* **Task description**: An exact copy of the data below is required; return it in full.

* **Collected data**:
:::
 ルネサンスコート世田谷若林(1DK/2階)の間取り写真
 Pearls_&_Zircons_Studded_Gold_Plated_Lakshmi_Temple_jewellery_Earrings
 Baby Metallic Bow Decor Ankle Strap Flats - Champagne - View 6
:::
* **Response to the exercise**:
 ルネサンスコート世田谷若林(1DK/2階)の間取り写真
 Pearls_&_Zircons_Studded_Gold_Plated_Lakshmi_Temple_jewellery_Earrings
 Baby Metallic Bow Decor Ankle Strap Flats - Champagne - View 6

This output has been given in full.